> _WHAT IS EXPECTED_: Repeat the data that follows exactly, starting at the line with "R CORD Kids" and ending at the line with "Ben Sherman Size", and leave out every picture.
[MATERIAL TO PROCESS — start]
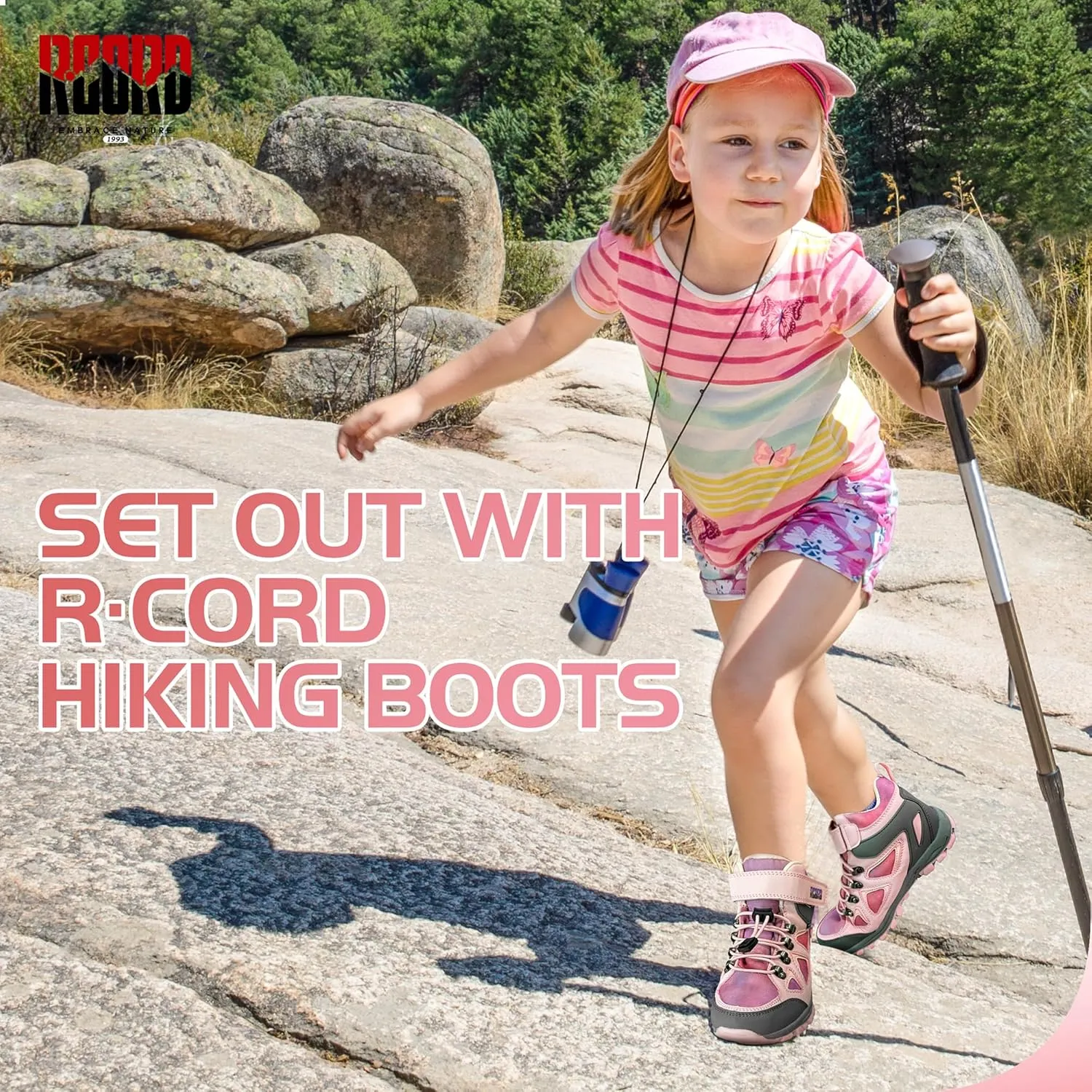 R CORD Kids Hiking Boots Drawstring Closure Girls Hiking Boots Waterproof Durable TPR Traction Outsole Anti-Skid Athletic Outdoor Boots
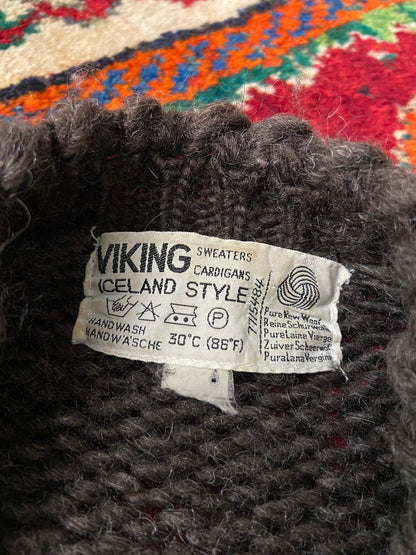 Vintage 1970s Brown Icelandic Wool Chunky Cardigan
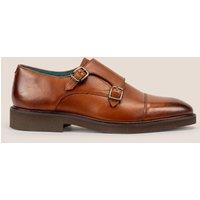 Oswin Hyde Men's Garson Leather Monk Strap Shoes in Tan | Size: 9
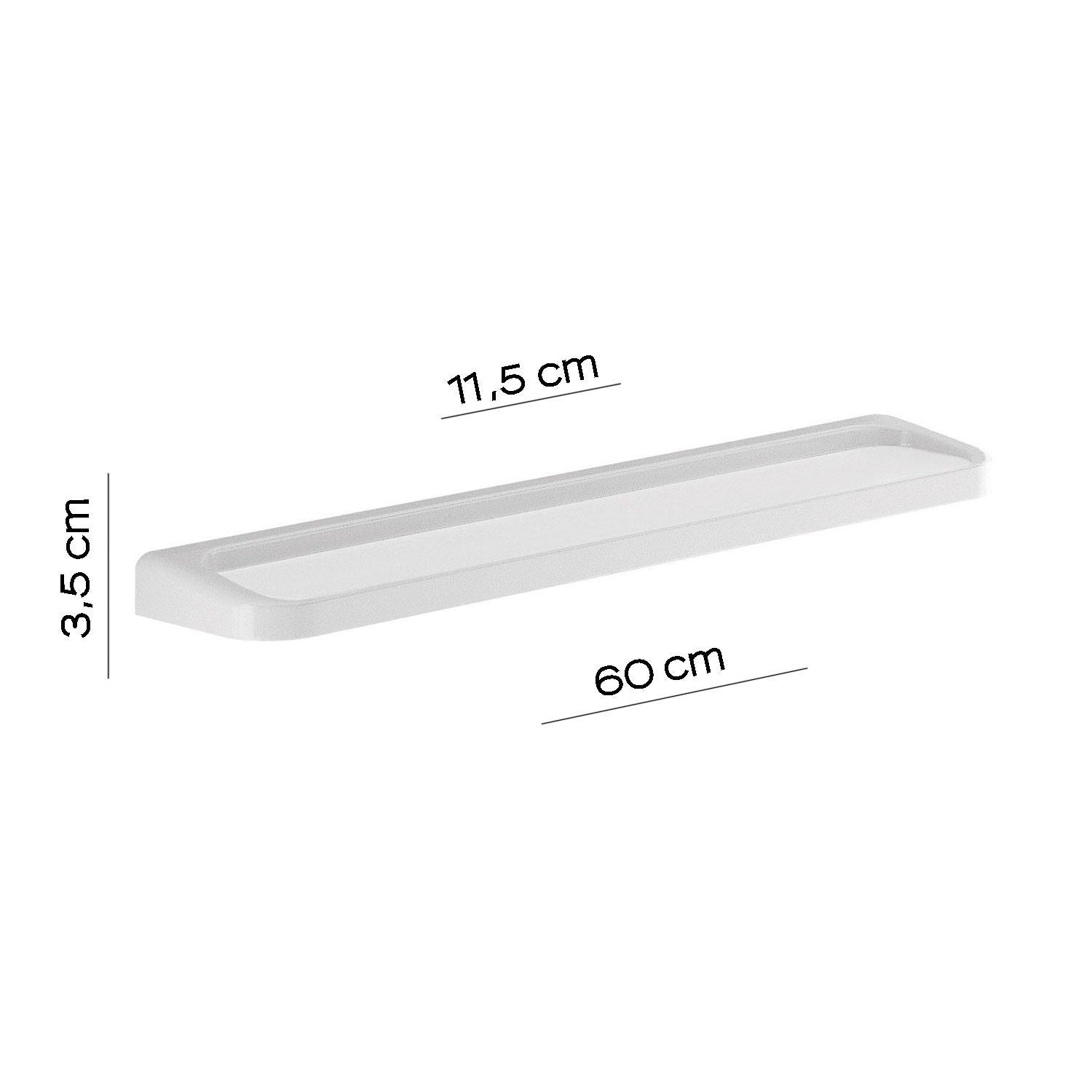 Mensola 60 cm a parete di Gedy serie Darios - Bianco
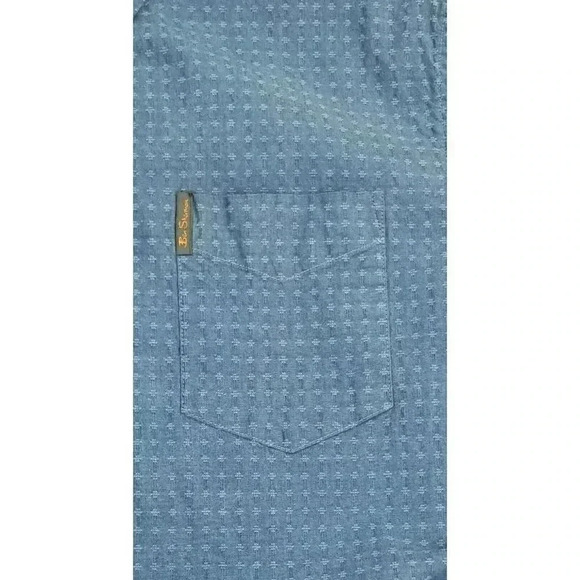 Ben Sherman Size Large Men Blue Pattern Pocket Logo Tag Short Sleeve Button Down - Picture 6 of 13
[MATERIAL TO PROCESS — finish]
[MATERIAL TO PROCESS — start]
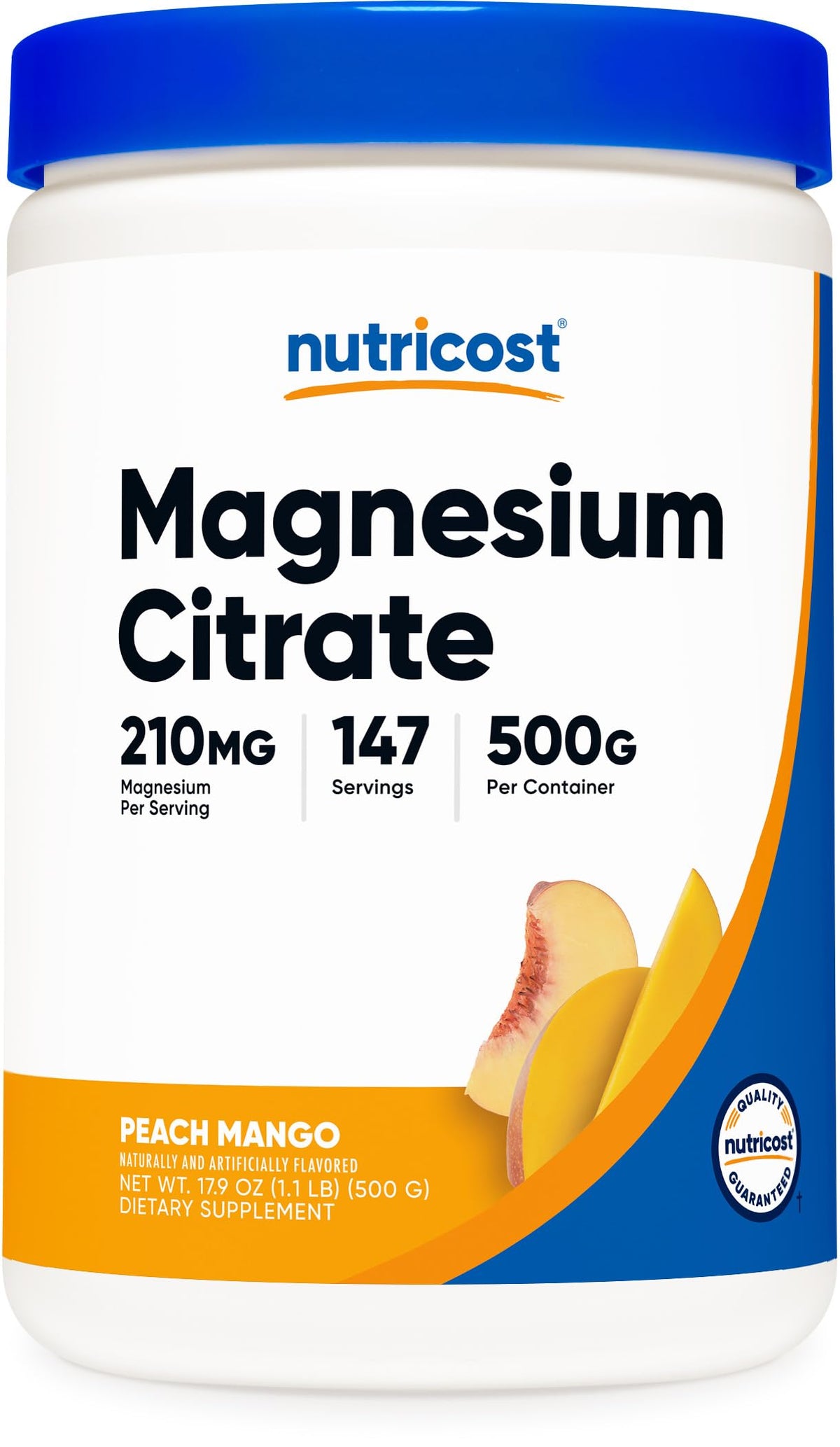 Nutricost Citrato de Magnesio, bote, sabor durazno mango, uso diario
[MATERIAL TO PROCESS — finish]
> _RESPONSE_:
 R CORD Kids Hiking Boots Drawstring Closure Girls Hiking Boots Waterproof Durable TPR Traction Outsole Anti-Skid Athletic Outdoor Boots
 Vintage 1970s Brown Icelandic Wool Chunky Cardigan
 Oswin Hyde Men's Garson Leather Monk Strap Shoes in Tan | Size: 9
 Mensola 60 cm a parete di Gedy serie Darios - Bianco
 Ben Sherman Size Large Men Blue Pattern Pocket Logo Tag Short Sleeve Button Down - Picture 6 of 13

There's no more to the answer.